You are beautiful. I mean it!

To be comfortable around my neighbors, I need to be comfortable with myself


3 min read

Let me start by saying, the way someone looks is possibly the most boring and least important thing about them. Additionally, it is a terrible assessor of the human person. 

You and I are so much more than how we look on the outside. But in case no one has ever told you, you are beautiful. I mean it, you are beautiful. 

That is the foundation of the body positivity movement. It is a call for radical acceptance of all bodies no matter their size, gender, race or ability. Most importantly, it is a call to accept your body. The focus is on self-acceptance and moving past your physical appearance as a condition of your worth. It is a call to truly love yourself (Mt 22:39), something Jesus commanded. 

In the Gospel of Matthew, there is a beautiful discourse on the greatest commandments (Mt 22:34–40). The Pharisees try to trick Jesus and catch him in contradiction to the Torah, by asking him, “Teacher, which commandment in the law is the greatest?” 

He responds by saying: “You shall love the Lord, your God, with all your heart, with all your soul, and with all your mind. This is the greatest and the first commandment. The second is like it: You shall love your neighbor as yourself. The whole law and the prophets depend on these two commandments.” 

Here is where Jesus commands us to love ourselves. It’s an often-overlooked piece of the discourse, since it falls at the end of the second commandment. He asks us to love our neighbor as ourselves, meaning we need to know how to love ourselves. 
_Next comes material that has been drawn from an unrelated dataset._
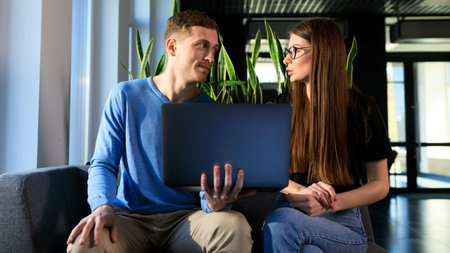 A man shows a female colleague business information on a laptop.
I have been categorized as obese since I was an adolescent. I could tell you countless stories of feeling less than human because of the way people spoke to me, treated me and interacted with me. Instead, I want to share with you a moment I lean on when the world is pushing hard on me. It is a cornerstone moment in my life. 

In my senior year of high school, I was hanging out with a friend, and there was nothing remarkable about the conversation. At some point I made a statement about being ugly or something in that vein, because that’s what I was supposed to do. I’m the fat girl who has been told by society most of her life that she is ugly and hideous because she is bigger than her classmates.

My friend stopped the conversation dead in its tracks, looked me in the eye and said: “Don’t say that. It’s not true. You are beautiful.” I was shocked by what she said, because outside of my immediate family, no one has ever said that to me. It was something I knew and believed about myself, but it felt inappropriate to share that with anyone but me. 

Still maintaining eye contact, she said: “I mean it. You are beautiful.” I said, “Thank you,” and we continued our conversation. 

Loving yourself is not selfish; it is not sinful. It starts with the simple and radical understanding that you are beautiful. That beauty is rooted in the fact that we are made in the image and likeness of God. Our bodies are a marvel of engineering crafted by the ultimate engineer. He wants you to be happy and comfortable in who you are and how you look. 

It’s okay to be happy with the way you look and even take pride in it. I would go even further to say it is important to do so. That may mean making changes and trying things out and that is scary. 

The path to loving yourself is to start listening to you. 

It’s hard and scary to sift through the noise of guilt and shame. They are incredible motivators and tough demons to slay. With grace and love, you can find your voice again. You can find you again. 

Loving yourself fully is an act of radical love. Being comfortable in who you are makes it so much easier to be comfortable around your neighbors and to love them where they are. You can look at someone and express kindness to them because you have shown yourself the same kindness.

Oh, and in case you’ve forgotten, you are beautiful.